Written by Mary Downing Hahn
Review by Kathryn Johnson

Based on an unsolved double murder in 1950s Maryland, where the author still lives, this chilling tale for young adult readers is both a coming-of-age story and a psychological study of accused and accusers, when no one really knows whom to blame for a brutal crime. Fictional characters replace the real players in the drama, and the story weaves around actual events without duplicating reality too closely, so that it misses being classified as “true crime.” But the pacing and the rhythm of the prose feel remarkably close to the spilling out of truth, making it easy for the reader to believe everything on the page is simply being remembered by the characters.

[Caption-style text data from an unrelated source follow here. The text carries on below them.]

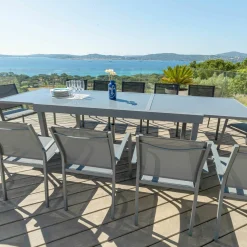 Table De Jardin|Salon De Jardin|MOBELLIA Table de jardin extensible en verre 12 places (200/320 x 100 cm) Murano Gris Anthracite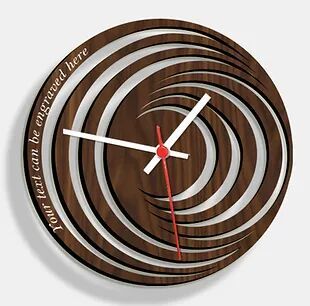 Wooden Laser Cut Walnut Wood Finish Wall Clock (001)
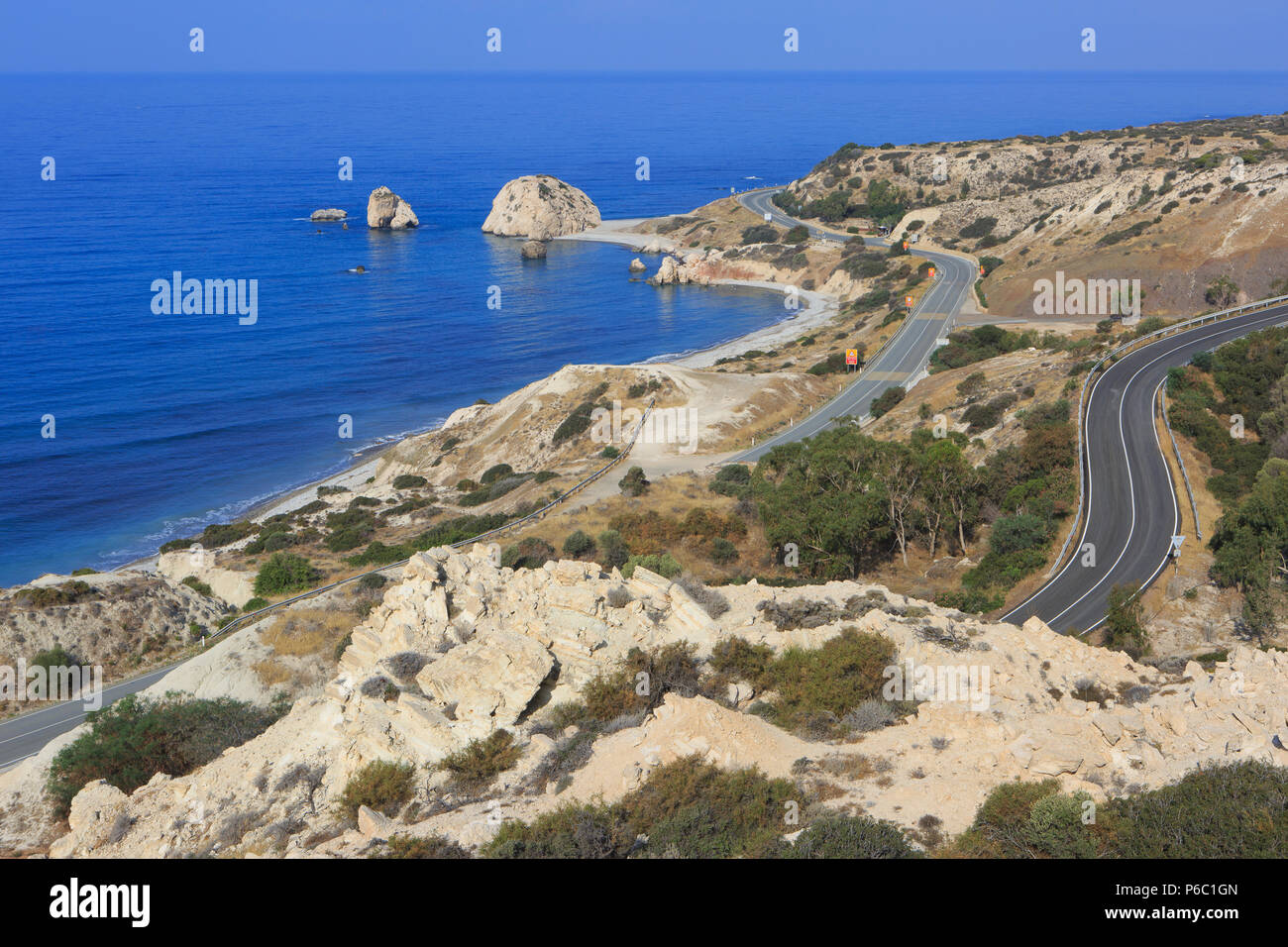 Rocher d'Aphrodite (Petra tou Romiou) à Chypre Banque D'Images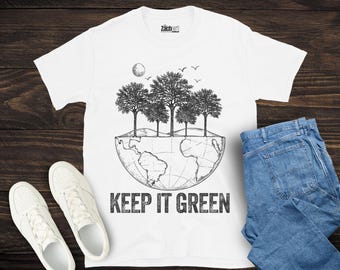 Camiseta "Keep It Green" para o Dia da Terra, Camiseta Ecológica, Camiseta "Salve o Planeta", Camiseta Sustentável, Camiseta para o Dia da Terra 2025, Camiseta Ambiental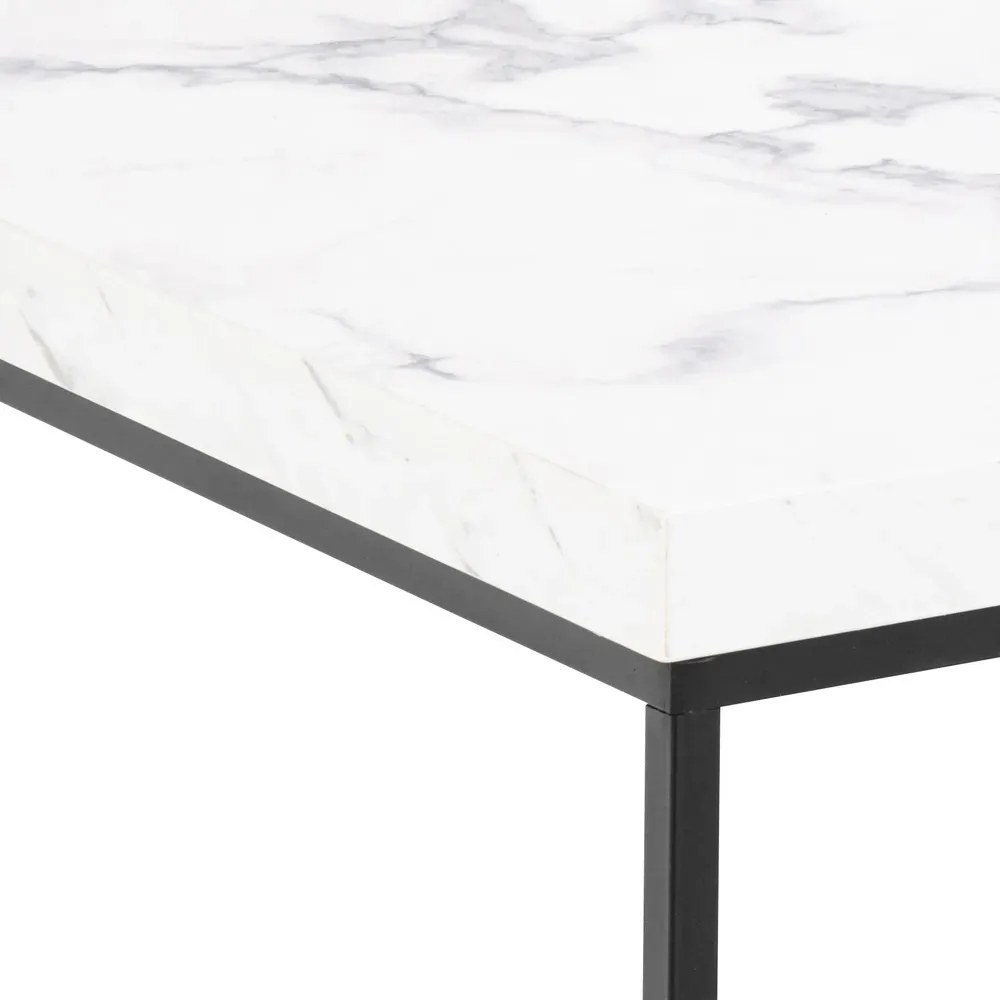Konferenčný stolík Barossa 60 cm biely mramor/čierny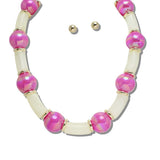 Iridescent Chunky Ball and Celluloid Aceate Necklace - view 8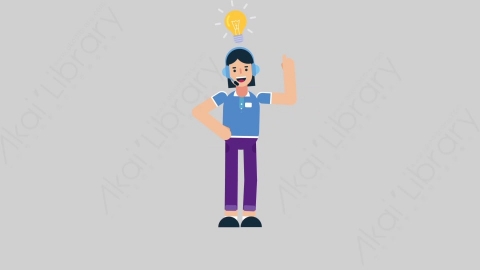 AE模板-WOMAN SUPPORT SERVICE 70 Thinking 1女性接线员电话服务思考考虑扁平人物职业角色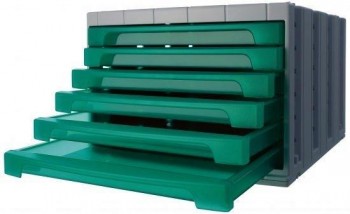 MODULO DE 6 CAJONES ARCHIVOTEC SERIE 6000 VERDE TRANSLUCIDO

Central figures include Nora and Ellie, average high school girls bent on partying with friends. What no one foresees is the shooting death of two other girls in the woods. The event shatters Nora’s life and results in nearly everyone in the town suspecting a former boyfriend of one of the dead girls, Buddy. This is Nora’s first experience with death… but not Buddy’s. His squirrely grandmother used to drag him to funerals as entertainment, even when the deceased was a stranger. But does seeing so much death make a person itch to kill?

Mary Downing Hahn has created an eerie and troubling glimpse into violence and loss. Moreover, she captures with perfect clarity the innocence of living in a time before technology became so much a part of our lives, and her evocative details of the era ring absolutely true.